"""
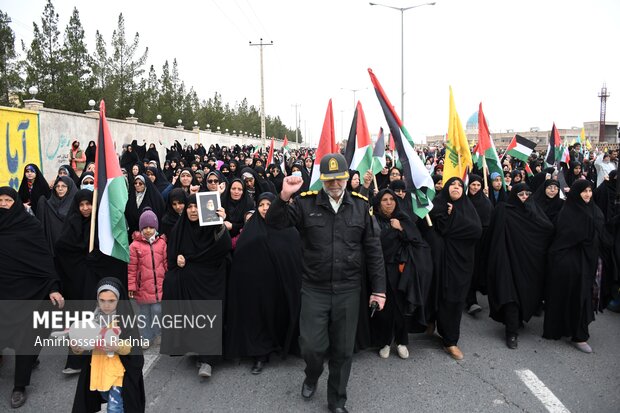 راهپیمایی جمعه نصر در بیرجند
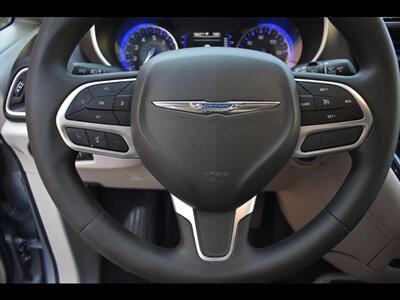 2021 Chrysler Voyager LX - Photo 12 - Mesa, AZ 85201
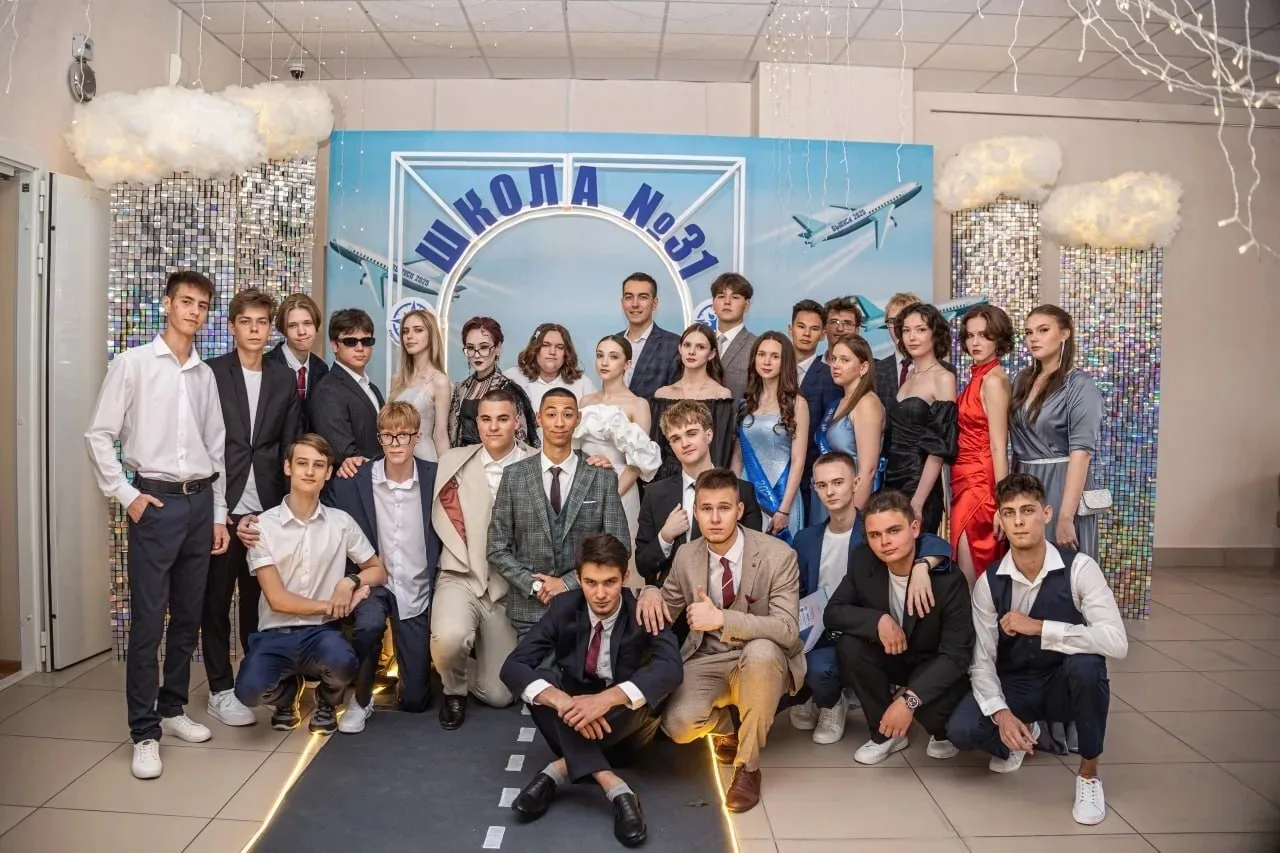 🎓  Школа в стиле аэропорта, статьи о выпускниках в городской газете и конкурс на звание «Лучшего вы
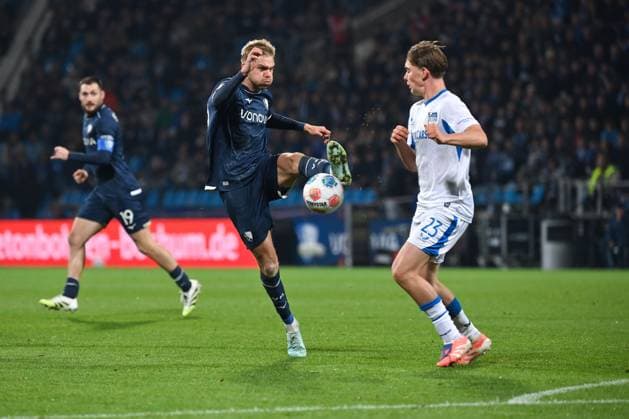 Leandro Morgalla (VfL Bochum), Kennet Eichhorn (Hertha BSC), v.li. 18.10.2025, Fussball 2. Bundesliga, Saison 2025 2026, 9. Spieltag, VfL Bochum - Hertha BSC Berlin DFL regulations prohibit any use of photographs as image sequences and or quasi-video Bochum Vonovia Ruhrstadion Nordrhein Westfalen Deutschland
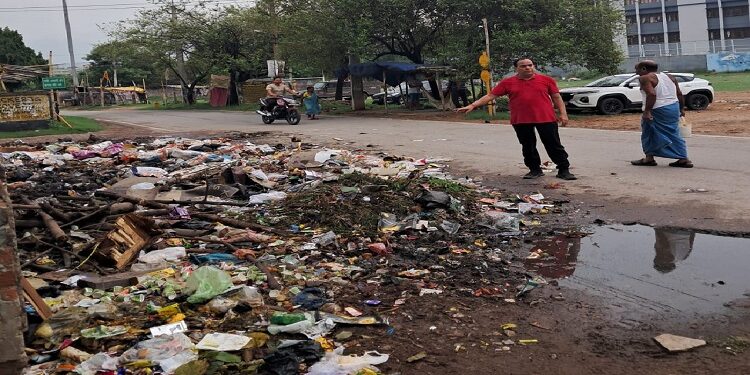 Jamshedpur bjp leader demands : कदमा-सोनारी क्षेत्र में कचरे एवं नाले-नालियों की सफाई कराने की मांग, स्थानीय लोगों ने की चार माह से कचरा उठाव नहीं होने की शिकायत Jamshedpur bjp leader demands : कदमा-सोनारी क्षेत्र में कचरे एवं नाले-नालियों की सफाई कराने की मांग, स्थानीय लोगों ने की चार माह से कचरा उठाव नहीं होने की शिकायत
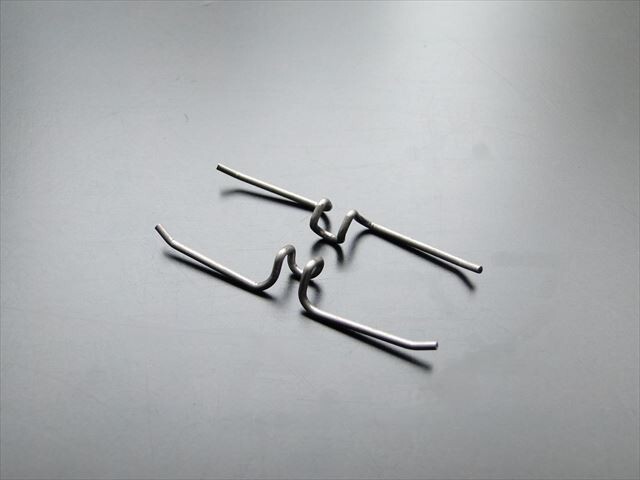 9671■Z400FX(E1~E3) ステンレス・リヤブレーキパッド固定用スプリング(2個)拍卖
"""
Problem statement – Everything but the pictures is needed: copy the data above exactly.

Answer to this exercise –
 راهپیمایی جمعه نصر در بیرجند
 2021 Chrysler Voyager LX - Photo 12 - Mesa, AZ 85201
 🎓  Школа в стиле аэропорта, статьи о выпускниках в городской газете и конкурс на звание «Лучшего вы
 Leandro Morgalla (VfL Bochum), Kennet Eichhorn (Hertha BSC), v.li. 18.10.2025, Fussball 2. Bundesliga, Saison 2025 2026, 9. Spieltag, VfL Bochum - Hertha BSC Berlin DFL regulations prohibit any use of photographs as image sequences and or quasi-video Bochum Vonovia Ruhrstadion Nordrhein Westfalen Deutschland
 Jamshedpur bjp leader demands : कदमा-सोनारी क्षेत्र में कचरे एवं नाले-नालियों की सफाई कराने की मांग, स्थानीय लोगों ने की चार माह से कचरा उठाव नहीं होने की शिकायत Jamshedpur bjp leader demands : कदमा-सोनारी क्षेत्र में कचरे एवं नाले-नालियों की सफाई कराने की मांग, स्थानीय लोगों ने की चार माह से कचरा उठाव नहीं होने की शिकायत
 9671■Z400FX(E1~E3) ステンレス・リヤブレーキパッド固定用スプリング(2個)拍卖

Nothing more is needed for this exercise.